It seemed simple enough back in 1972 when I was told “the strike zone is between your arm pits and your knees.” I found this a bit more insightful than also being informed to “keep your eye on the ball.” Truth be told, I may have closed my eyes a time or two while facing a 20 mph heater that sailed up and in, but when you’re eight years old… anything the big kids tell you about the game is gospel.
The Strike Zone
1996 – The Strike Zone is expanded on the lower end, moving from the top of the knees to the bottom of the knees.
1988 – “The Strike Zone is that area over home plate the upper limit of which is a horizontal line at the midpoint between the top of the shoulders and the top of the uniform pants, and the lower level is a line at the top of the knees. The Strike Zone shall be determined from the batter’s stance as the batter is prepared to swing at a pitched ball.”
1969 – “The Strike Zone is that space over home plate which is between the batter’s armpits and the top of his knees when he assumes a natural stance. The umpire shall determine the Strike Zone according to the batter’s usual stance when he swings at a pitch.”
1963 – “The Strike Zone is that space over home plate which is between the top of the batter’s shoulders and his knees when he assumes his natural stance. The umpire shall determine the Strike Zone according to the batter’s usual stance when he swings at a pitch.”
1950 – “The Strike Zone is that space over home plate which is between the batter’s armpits and the top of his knees when he assumes his natural stance.”
1907 – “A fairly delivered ball is a ball pitched or thrown to the bat by the pitcher while standing in his position and facing the batsman that passes over any portion of the home base, before touching the ground, not lower than the batsman’s knee, nor higher than his shoulder. For every such fairly delivered ball, the umpire shall call one strike.”
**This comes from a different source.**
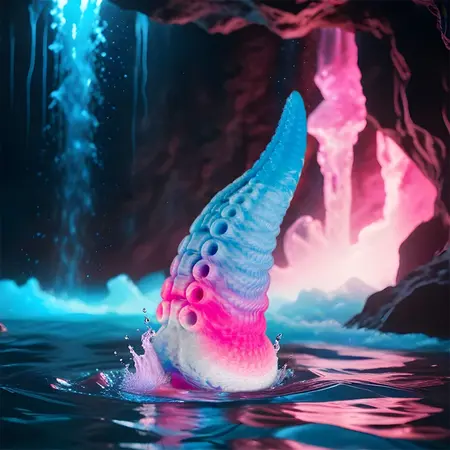 EPIC Phorcys Blue Tentacle Intimate Machine, Large Size Silicone 205mm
It appears that the strike zone I grew up with became an official part of the big game back in 1950…arms pits to the top of the knees. But did we really need a uniform to tell us this? Apparently someone thought it was a good idea, and an idea that at times attributed to being the brain child of Branch Rickey. However, when these uniforms were introduced by the Denver Bears mid-season of 1952, credit was given a Denver native then identified as “Bill Roessman” who is said to have come up with idea around 1950. Actually the name and the date cited in 1952 was bit off as confirmed by a Patent filling from 18 August 1948 (Patent Publication date; 2 May 1950)
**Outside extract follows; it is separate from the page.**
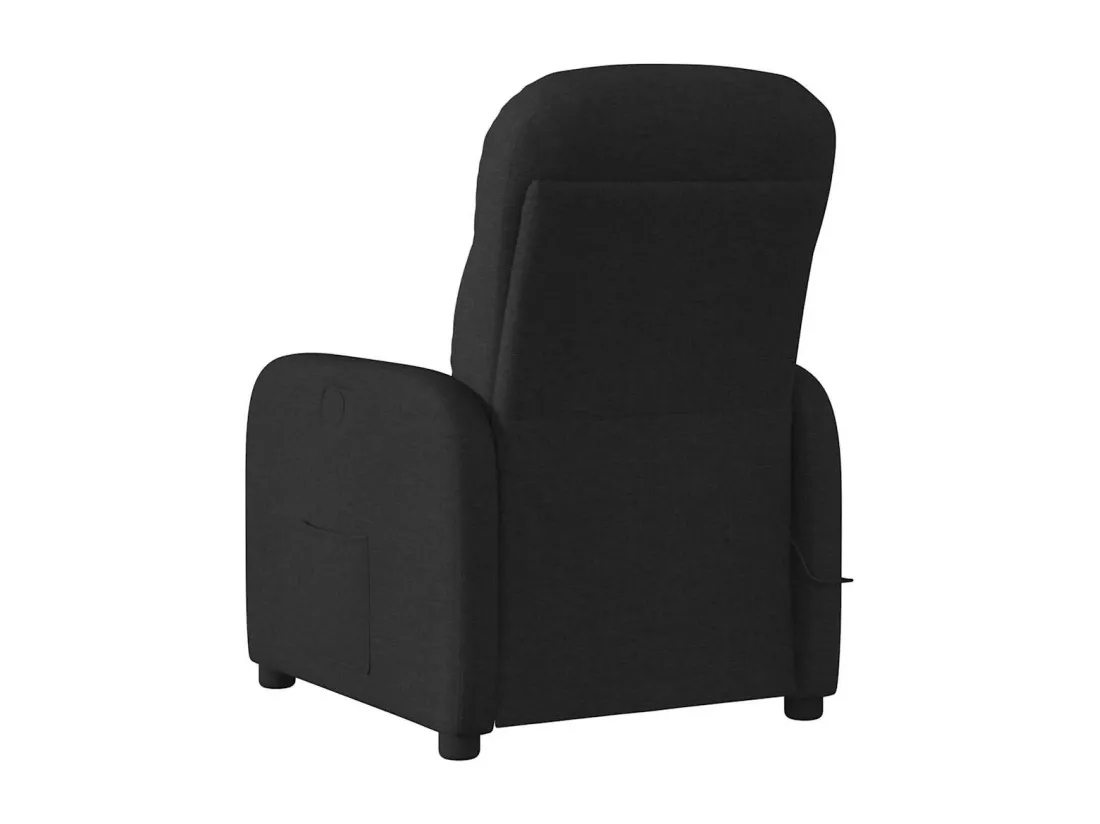 Fauteuil de massage inclinable Noir Tissu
I found it interesting that this Patent by William Roessner (Denver, Colorado) coincided with the change in the upper range of the strike zone from the shoulders to the arm pits, although Roessner’s effort only involved the pants. While these Bears uniforms were certainly unique, they were not the first attempt to visually indicate the strike zone on the batter. According to an article that appeared in The Sporting News on July 2nd, 1952 “Several years ago the Ft Worth (Texas) Club tried a similar experiment, using horizontal black bands on the uniform to designate the limits of the strike zone.” This experiment took place on August 19th of 1950. It lasted all of one game in a contest between the Ft. Worth Cats (Brooklyn AA Affiliate) the Oklahoma City Indians (Cleveland AA Affiliate) and it reflected the change in the strike zone that took effect that year.
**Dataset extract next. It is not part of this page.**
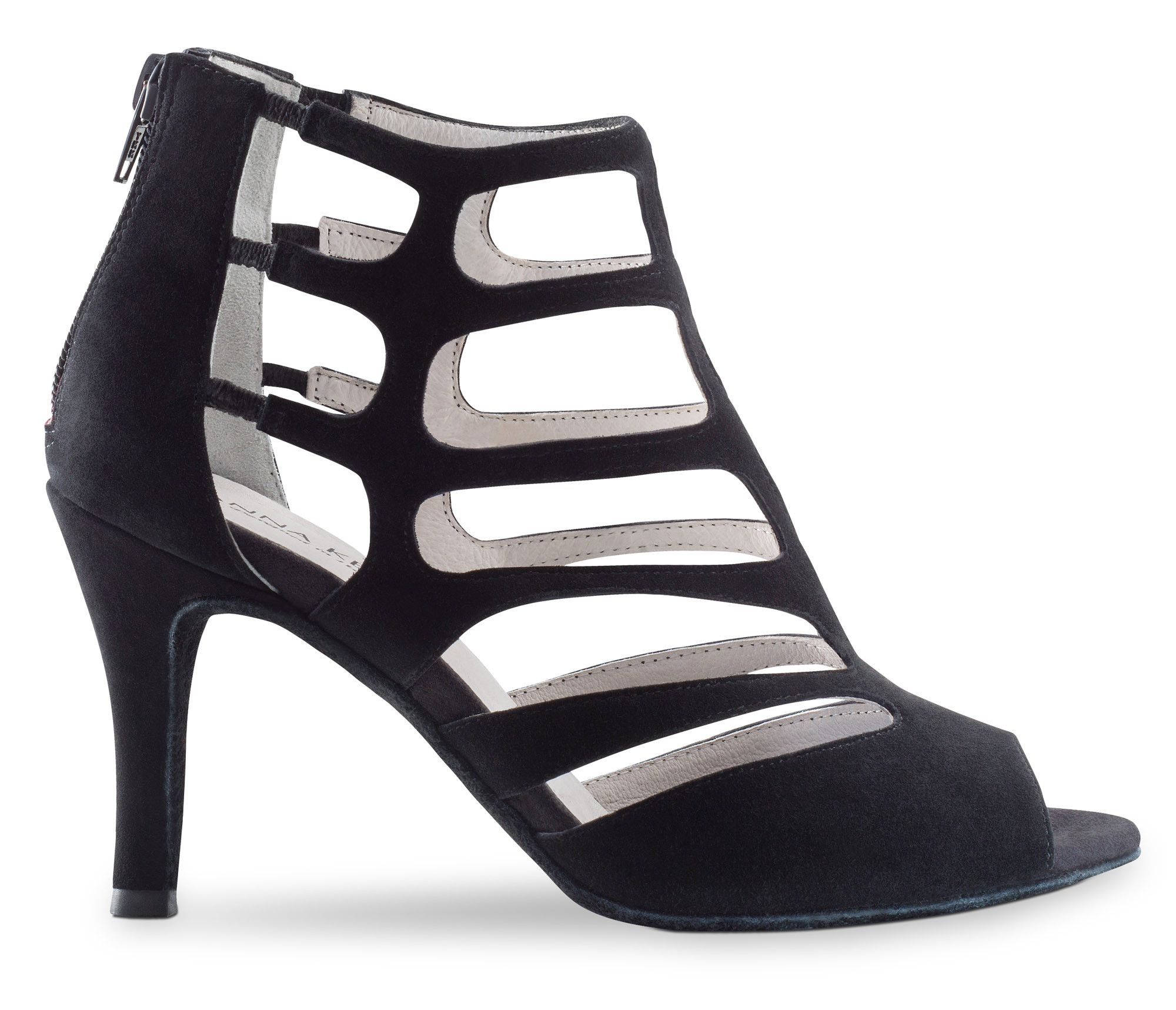 Jeanne 860-75 Velourleder schwarz 7,5cm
The Bears uniforms were not an immediate hit with the Denver players. A number of them complained that the outfits looked too much like softball uniforms. From a functional standpoint, the players were not fans of the additional layer of blue fabric in the knees, citing it as being uncomfortable. The feedback from the man behind the plate was a little more positive. According to Western League umpire Bob Phillips who worked the plate for the first game of the July 4th twin bill said “I thought it provided definite help in calling the low pitches, but I wasn’t conscious of any help on the high pitches. Players seem to crouch and bob around too much for the uniform to help with the pitch around the armpit.”
These Denver Bears “Strike Zone Uniforms” were only produced in white home versions. No road “strike zone uniforms” were manufactured by Spalding (distributed by Max Cook Sporting Goods, Denver, Colorado).
To be more specific the uniforms were provided by a collection of local Denver businessmen who formed a corporation called “The Strike Zone Uniforms Estate” in hopes the idea would catch on in a big way. Bob Howsam, then President and General Manager of the Bears said that before he would make a decision on their continued use for the 1953 season, he wanted to make sure the uniforms were given a thorough evaluation. As such, special permission from the other clubs of the Western league was obtained by Executive Vice President-Secretary Harold George for the Denver Bears to wear their novel “Strike Zone” uniforms for select away games on their eastern road trip which began July 24th of 1952. While worn on the road through portions of the remainder of the 1952 season, “The Strike Zone Uniforms” were worn only once at home by the Bears (4 July 1952).
The 1952 Denver Bears ended the season as champions of the Western League. Bob Howsam was named Minor League Executive of Year by The Sporting News, but alas these colorful and interesting “Strike Zone Uniforms” were regrettably called out looking… looking mighty fine I might add.